Q: Is this a family oriented site?
A: Noooooo! This site is for "older" people to cuss and discuss and rant. Small children and big babies are not allowed.

Q: What is a FAQ.
A: this thing. DUH! Ok, ok, it's an acronym for "Frequently Asked Questions." Actually, it's a misnomer; this page is actually a "Frequently Asked Questions And Some Answers" but "FAQASA" sounds pretty lame.

Q: Is there any useful information in this FAQ?
A: Yes, sorry, we're just warming up. Just a few more painful ones, then we'll get serious.

Q: What is an acronym?
A: a series of letters put together. Damn, kid, where'd you go to school? Some examples of acronyms are IBM, which means "Irish Business Machines", IRS means "Idiotic Revenue Sharing", and DSL, a high speed internet term which was originally thought to mean "Digital Subscriber Line" but actually means " Download Something Large."

Q: Who are you people?
A: we're just a bunch of old farts and old hags that are Older, Wiser, and Pissed. We're pissed at our choices in politics, morals, business, parenting, taxes, public education, kids, music, cars ... damn near everything. And we're here to cuss and discuss all of the above, and more.

Q: Are you people for real?
A: The jury is still out on this one. We are here, and here to stay, if that's what you mean. We are your everyday, run of the mill, middle aged folks with something to say.

Q: Are all of you so opinionated?
A: Absolutely! You know what they say about opinions, but the bottom line is if you can rant and expound on what is wrong with the world today, why not do it? Why sit back and let the world revolve around you all the while bitching about it but not saying anything?

Q: Do I have to join to submit comments and post on the forums?
A: Yes you have to be logged on. Come on, join us, it's fun! And if not fun, at least we will piss a few people off with our opinions.

Q: Who can submit stories and content?
A: As long as you're logged on, you can comment on anything.
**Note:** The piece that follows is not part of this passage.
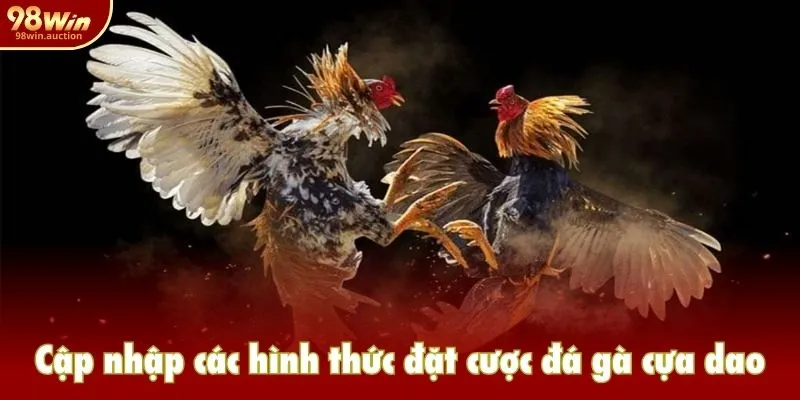 Cập nhập các hình thức đặt cược đá gà cựa dao Cập nhập các hình thức đặt cược đá gà cựa dao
Just click on the add new comment link.

You can also start your own blog (weblog) at anytime by following content/create content/blog entry or by going here.

If you'd like to become a Regular Contributor, posting "front page" articles, contact OldGuy via this form.

Q: Do I need to monitor my responses?
Yes and no. You are free to have - and post - any opinion you wish, but we don't play the direct attacks/personal insults thing. You can rant away but be semi-respectful about it. And by semi-respectful, we're not talking about worshipping your 18 wheel rig.

Q: What the fuck is wrong with you people?
A: we're in various stages of a midlife crisis, menopause, receding hairline, arthritis, prostate malfunction, memory loss, and gastrointestinal disorders. These things are making us sick and tired. But these things are the result - not the cause of - our rants.

We're sick and tired of politicians that can't speak the truth - and sometimes can't speak, period.

We're sick and tired of Moral Superiors telling us what's right, what's wrong, and how THEY get to decide which is which.

We're sick and tired of businesses that want to screw us out of another dollar for another "improvement" to another piece of shit product that ain't never gonna work right.

We're sick and tired of crack whores feeding steak to their 23 kids while we eat ramen noodles.

We're sick and tired of being taxed from birth to death for everything from prenatal care to estate auction profits.

We're sick and tired of schools turning out "graduates" that can't read their own diplomas.

We're sick and tired of kids that can't be legally beaten even though they play XBox all day while mouthing off, whining, and collecting dust.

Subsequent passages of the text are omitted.